Um terço dos brasileiros entre 19 e 24 anos não havia conseguido concluir o ensino médio em 2018. Apesar da média geral já ser alta (e cujo percentual é similar entre jovens brancos), o panorama entre os negros é ainda pior: quase metade (44,2%) dos negros homens dessa faixa etária não concluiu a etapa.
Os recortes por cor de pele e gênero revelam outros abismos: 33% das meninas negras nessa idade não têm ensino médio, enquanto o índice é de 18,8% entre as brancas.
O cenário relacionado ao ensino médio é só uma ponta do desafio, que começa mais cedo. Ser negro no Brasil aumenta a chance de exclusão escolar ao longo da educação básica, como mostram dados da mais recente PNAD (Pesquisa Nacional por Amostra de Domicílios), relacionado a 2018. As informações do IBGE foram tabuladas pelo Instituto Unibanco para a Folha.
O abandono escolar é um dos maiores entraves educacionais do país, o que tem forte relação com as altas taxas de reprovação. E desde o ensino fundamental essa conjectura incide de forma mais acentuada sobre a população negra.
Enquanto, na média, 13,1% dos jovens de 19 a 24 anos não haviam concluído o 9º ano do fundamental, entre os negros o percentual era de 19%.
Desigualdades raciais são identificadas também entre aqueles que estão na escola na idade indicada para o ensino médio, de 15 a 17 anos. Entre os brancos, 16,6% não tinham passado do 9º ano. Esse índice é de 25,5% entre pretos e pardos.
Também há mais negros dessa faixa etária que, atrasados, ingressaram em escolas para Jovens e Adultos, o EJA. Mais de seis em cada dez estudantes da modalidade são negros.
Os dados corroboram a existência de traços estruturais de discriminação.
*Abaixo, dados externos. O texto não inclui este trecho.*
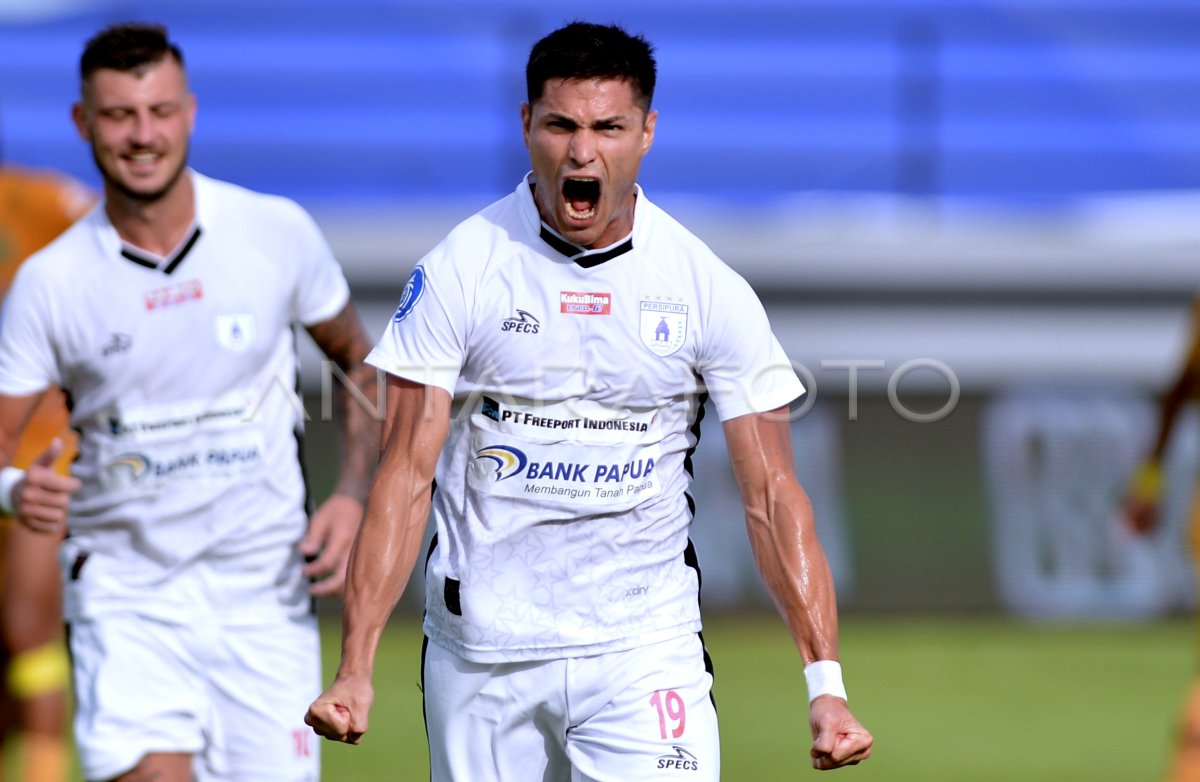Kemenangan Spektakuler Persipura Jayapura Atas RANS FC Di Playoff Liga 2 Kemenangan Spektakuler Persipura Jayapura Atas RANS FC Di Playoff Liga 2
E os próprios jovens sentem na pele os reflexos das desigualdades de oportunidades.
Nascido em Cabeceiras (GO), Samuel Marques abandonou a escola na 8ª série. Precisava trabalhar e os horários do emprego, uma cafeteria em Brasília, eram incompatíveis com os da escola.
Só aos 19 anos retomou os estudos em uma escola de EJA e, aos 23, deve terminar o ensino médio neste ano. “É mais difícil para um negro arrumar emprego, ainda mais se você tiver cabelo grande, estilo afro, se fugir do padrãozinho. A gente sente uma cultura de racismo”, diz.
A mãe é varredora de rua e o pai, pedreiro. Marques mora numa cidade satélite da capital federal e leva uma hora pra chegar ao Plano Piloto, onde estuda. Perto da sua casa não havia vagas em EJA.
“Quem tem mais privilégios pode só estudar, fazer outros cursos junto com a escola, estuda perto de casa, enquanto muita gente ou trabalha ou passa fome”, diz.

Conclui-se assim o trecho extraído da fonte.